Ciaran O’Hagan and Jorge Garayo, interest rate strategists at Société Générale

"Recent data indicate continued improvement in the fiscal picture...the fiscal deficit on a 12-month trailing basis has improved markedly over the past year. Some of this deficit reduction stems from one-off factors such as the 2013 tax increases that will have permanent level effects, while some of the reduction comes from transient factors like special dividends paid by Fannie Mae, and more recently, Freddie Mac.

"However, there has also been a fundamental improvement in the underlying trend which we expect to continue. With the first fiscal quarter of the year known ― most of the net deficit for the year tends to occur in the first half of the fiscal year ― it now appears that the risks are skewed toward a smaller deficit than our current FY2014 forecast of $600 billion, which already included allowances for special factors such as the $30 billion dividend paid by Freddie Mac in December.

"In the near term, CBO will release its annual Budget and Economic Outlook on Tuesday, February 4. We will take particular note of whether the CBO adjusts down its current FY2014 deficit forecast of $560 billion. In terms of implications for Treasury issuance, the macro trend towards lower deficits will argue for lower net financing needs this year and the next, in our view. However, in the very near term, we think that more idiosyncratic factors will be key drivers of Treasury's financing decisions."

—Kris Dawsey, an economist at Goldman Sachs

These days, emerging-market assets are the hot potato that no one wants to touch. Fears of risk assets spurred by pockets of weak EM data have garnered maybe a disproportionate amount of headlines. But when we look at which EM currencies that are being hit the most, there is a divide.

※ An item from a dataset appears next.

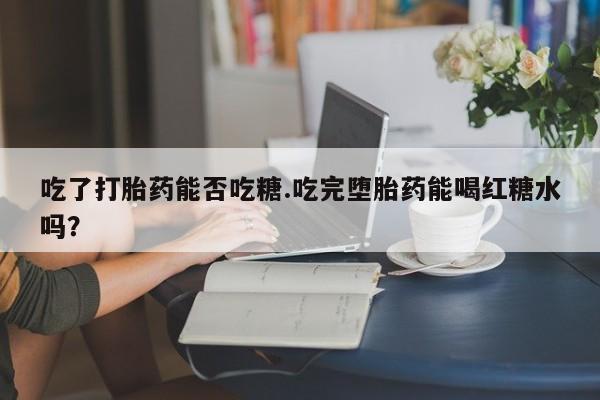 堕胎药微信有谁买微信吃了打胎药能否吃糖.吃完堕胎药能喝红糖水吗？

On one side, the better-performing currencies are generally Asian: KRW, TWD, CNY, SGD. The ones that have been hurt the most have been non-Asian — led by the Argentinian peso, which is down 20% over the past four quarters.

Within that group of laggards is a subgroup that is heavily dependent on the commodity cycle, including Argentina, Brazil, South Africa and Russia. Commodity prices have declined steadily since 2011 and as a result, growth in these countries has been negatively affected. The developed world has seen an uptick in growth, particularly the U.S. and the euro area, but unfortunately this may not be to the benefit of EM countries that rely heavily on commodity exports.

While certain EM countries like China, Taiwan and South Korea should benefit from rising growth in the U.S. and Europe through exports, general weakness in the EM domestic economies should temper growth in demand for commodities and thus restrain gains in the CRB. The bottom line is this: not all EM countries are created equal and should not be placed in the same basket, and those that may stand to benefit the least are commodity-linked currencies.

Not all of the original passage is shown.